I’m going on protest. Why? Every writer, editor, agent, and janitor spouts the “Show, Don’t Tell” rule, blogs and bandies it about while the new writer stares puzzled. (Go ahead. Point and yell telling.)
Unfortunately, I don’t think it accurately assesses the problem in a work or tells a writer how to fix it. It’s not clear and writers more than anything must have clarity. No. I’m making my stand. It’s not good advice.
The real secret to any work of art whether writing, painting, sculpting, or quilting is DETAIL. For writing, this means using the most specific word that fits, the exact turn of phrase needed to get the point across. For example, instead of walked, perhaps she stumbled, trudged, marched or hiked. Find the word that carries the most detail and use variety.
The same principal applies to painting. Is there a line on the bird’s feather? It’s not just brown. What are the other colors peaking through? Be specific with each color and stroke. Again, DETAIL. Of course, if your detail consists of a thousand tiny red dots, you might have missed another critical element. The eye must be captivated, drawn in by the changes, thus the variety.

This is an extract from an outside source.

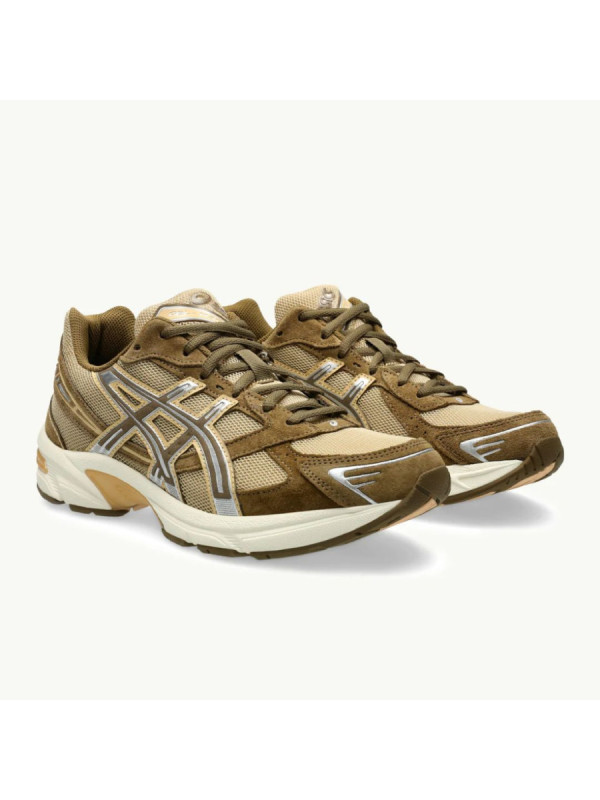 ASICS GEL 1130 SUEDE CAMEL BEIGE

Most of what takes a work of art and pushes it to the next level is spending that extra bit of time to make the little bits and pieces right. It’s also something I learned the hard way after watching too many half-hour painting shows as a child. I used to think I could paint a happy tree fast, but I’ve learned to take it slower. Patience is still something I have to work on.
And so, I would urge anyone struggling with their art, whether in verbal or visual form, to take another look and see if you can get more specific.